If you are part of the Bodylines Pilates community then you know that in February we turn our attention to our feet … and if you aren’t a part of this amazing community then use those fabulous feet and come on over!
Feet … you know those appendages we have at the base of our bodies that carry us throughout our day … I know, you work your abs, your butt, your arms, but besides Bodylines bringing attention to your feet in February do you work your feet regularly?
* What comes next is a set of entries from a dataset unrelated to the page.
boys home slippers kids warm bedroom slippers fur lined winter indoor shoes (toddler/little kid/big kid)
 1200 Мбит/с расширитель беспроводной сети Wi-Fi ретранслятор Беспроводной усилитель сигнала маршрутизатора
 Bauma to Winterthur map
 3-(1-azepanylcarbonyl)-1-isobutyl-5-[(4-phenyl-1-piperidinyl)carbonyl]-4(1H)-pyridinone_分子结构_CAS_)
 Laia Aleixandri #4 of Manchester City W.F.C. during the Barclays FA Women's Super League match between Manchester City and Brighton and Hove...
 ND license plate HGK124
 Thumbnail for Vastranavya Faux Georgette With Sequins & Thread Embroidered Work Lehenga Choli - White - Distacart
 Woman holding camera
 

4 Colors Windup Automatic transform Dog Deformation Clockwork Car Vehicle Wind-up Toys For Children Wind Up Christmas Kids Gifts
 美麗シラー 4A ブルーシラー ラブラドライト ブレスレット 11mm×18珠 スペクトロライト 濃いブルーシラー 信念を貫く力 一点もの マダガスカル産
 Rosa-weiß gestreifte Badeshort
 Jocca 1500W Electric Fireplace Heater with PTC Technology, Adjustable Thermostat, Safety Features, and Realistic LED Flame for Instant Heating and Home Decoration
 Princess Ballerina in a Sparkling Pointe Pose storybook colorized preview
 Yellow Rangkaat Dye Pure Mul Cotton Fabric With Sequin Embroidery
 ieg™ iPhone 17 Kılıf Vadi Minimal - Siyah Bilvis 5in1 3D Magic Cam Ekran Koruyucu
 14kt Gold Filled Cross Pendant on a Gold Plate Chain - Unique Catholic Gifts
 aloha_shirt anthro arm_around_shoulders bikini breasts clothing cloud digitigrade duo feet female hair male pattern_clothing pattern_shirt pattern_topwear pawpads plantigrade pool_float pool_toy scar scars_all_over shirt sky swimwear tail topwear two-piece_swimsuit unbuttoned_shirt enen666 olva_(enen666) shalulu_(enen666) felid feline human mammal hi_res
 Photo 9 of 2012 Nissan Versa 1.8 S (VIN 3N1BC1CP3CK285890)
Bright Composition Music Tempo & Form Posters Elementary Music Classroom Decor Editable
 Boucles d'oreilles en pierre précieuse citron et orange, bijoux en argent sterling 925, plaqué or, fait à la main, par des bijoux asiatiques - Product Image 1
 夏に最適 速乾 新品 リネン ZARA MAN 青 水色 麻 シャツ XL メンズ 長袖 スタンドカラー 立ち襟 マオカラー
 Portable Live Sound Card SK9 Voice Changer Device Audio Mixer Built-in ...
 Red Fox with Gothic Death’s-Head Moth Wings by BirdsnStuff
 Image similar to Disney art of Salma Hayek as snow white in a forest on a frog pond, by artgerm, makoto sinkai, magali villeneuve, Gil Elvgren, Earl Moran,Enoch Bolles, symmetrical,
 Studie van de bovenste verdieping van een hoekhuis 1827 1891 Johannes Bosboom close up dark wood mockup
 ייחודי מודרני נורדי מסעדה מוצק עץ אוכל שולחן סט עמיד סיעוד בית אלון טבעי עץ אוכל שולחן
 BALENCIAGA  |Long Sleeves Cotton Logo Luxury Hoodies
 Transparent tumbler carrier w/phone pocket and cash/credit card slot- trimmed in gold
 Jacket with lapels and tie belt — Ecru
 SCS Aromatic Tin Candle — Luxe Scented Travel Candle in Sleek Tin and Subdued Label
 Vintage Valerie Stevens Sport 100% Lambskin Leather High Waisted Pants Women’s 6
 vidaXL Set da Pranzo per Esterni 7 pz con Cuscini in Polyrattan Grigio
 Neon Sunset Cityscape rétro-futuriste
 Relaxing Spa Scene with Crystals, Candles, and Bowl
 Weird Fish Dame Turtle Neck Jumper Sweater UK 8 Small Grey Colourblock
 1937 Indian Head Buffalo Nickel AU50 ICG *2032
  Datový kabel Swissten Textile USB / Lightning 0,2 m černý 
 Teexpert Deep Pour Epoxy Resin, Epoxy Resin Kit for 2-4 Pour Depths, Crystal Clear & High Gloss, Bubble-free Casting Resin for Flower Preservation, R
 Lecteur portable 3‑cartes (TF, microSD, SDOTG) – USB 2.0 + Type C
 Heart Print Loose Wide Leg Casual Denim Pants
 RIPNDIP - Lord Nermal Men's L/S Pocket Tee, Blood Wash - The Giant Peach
If you are like most people, then the answer is probably no.
You know that car that is sitting on your driveway that you expect every morning to start and take you where you need to go, well let’s start thinking of our feet in the same way as our car. Every morning when we place our feet on the ground next to our bed, we have the same expectation … that our feet will carry us where we need to go. However, just like our car, if we don’t give our feet the TLC, the maintenance they need our bodies will be affected as a whole.
Let’s use February, Bodylines’ fabulous feet month, to get ourselves into a routine of looking after our feet just like we take care of the rest of our body. Check out the short video below on how you can start a simple routine using a rubber band from the broccoli you buy at the grocery store to give those fabulous feet some TLC!
TOE BAND EXERCISES
- Place toe band around big toes over or near to the nail bed
- Place feet in parallel
- Flex toes and pull your feet apart keeping your feet parallel. Repeat 5x
- Place toe band around the big toes over or near the nail bed
- Place feet in Pilates V
- Flex toes and pull your feet apart keeping your heels together in a Pilates V. Repeat 5x.
- Place toe band around big toe over or close to the nail bed
- Start with feet together in parallel and ankles flexed. Pull feet apart keeping heels together (Pilates V) then point your feet, return to parallel and then flex your ankles returning to start position. Repeat 4-5x then reverse the direction.